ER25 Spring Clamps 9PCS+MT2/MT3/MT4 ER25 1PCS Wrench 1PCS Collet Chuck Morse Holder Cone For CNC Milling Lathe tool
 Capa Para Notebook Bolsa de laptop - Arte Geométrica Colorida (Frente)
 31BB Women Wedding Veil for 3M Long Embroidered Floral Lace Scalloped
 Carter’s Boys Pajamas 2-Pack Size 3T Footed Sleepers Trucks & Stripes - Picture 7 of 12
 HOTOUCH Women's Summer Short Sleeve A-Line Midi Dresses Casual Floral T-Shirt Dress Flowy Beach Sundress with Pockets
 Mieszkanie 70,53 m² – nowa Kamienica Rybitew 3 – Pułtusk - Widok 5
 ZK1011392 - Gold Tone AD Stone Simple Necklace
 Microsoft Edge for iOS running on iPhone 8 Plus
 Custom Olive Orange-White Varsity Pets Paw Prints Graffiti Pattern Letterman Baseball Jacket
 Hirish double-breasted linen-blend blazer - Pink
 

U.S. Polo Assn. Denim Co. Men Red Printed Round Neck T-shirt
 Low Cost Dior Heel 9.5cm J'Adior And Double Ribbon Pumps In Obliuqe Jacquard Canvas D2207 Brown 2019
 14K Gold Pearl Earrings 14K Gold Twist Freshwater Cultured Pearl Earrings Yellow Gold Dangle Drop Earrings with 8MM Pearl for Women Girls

(ABOUT THIS EXERCISE) Copy each record exactly, leaving nothing out.

(WRITTEN REPLY)
ER25 Spring Clamps 9PCS+MT2/MT3/MT4 ER25 1PCS Wrench 1PCS Collet Chuck Morse Holder Cone For CNC Milling Lathe tool
 Capa Para Notebook Bolsa de laptop - Arte Geométrica Colorida (Frente)
 31BB Women Wedding Veil for 3M Long Embroidered Floral Lace Scalloped
 Carter’s Boys Pajamas 2-Pack Size 3T Footed Sleepers Trucks & Stripes - Picture 7 of 12
 HOTOUCH Women's Summer Short Sleeve A-Line Midi Dresses Casual Floral T-Shirt Dress Flowy Beach Sundress with Pockets
 Mieszkanie 70,53 m² – nowa Kamienica Rybitew 3 – Pułtusk - Widok 5
 ZK1011392 - Gold Tone AD Stone Simple Necklace
 Microsoft Edge for iOS running on iPhone 8 Plus
 Custom Olive Orange-White Varsity Pets Paw Prints Graffiti Pattern Letterman Baseball Jacket
 Hirish double-breasted linen-blend blazer - Pink
 

U.S. Polo Assn. Denim Co. Men Red Printed Round Neck T-shirt
 Low Cost Dior Heel 9.5cm J'Adior And Double Ribbon Pumps In Obliuqe Jacquard Canvas D2207 Brown 2019
 14K Gold Pearl Earrings 14K Gold Twist Freshwater Cultured Pearl Earrings Yellow Gold Dangle Drop Earrings with 8MM Pearl for Women Girls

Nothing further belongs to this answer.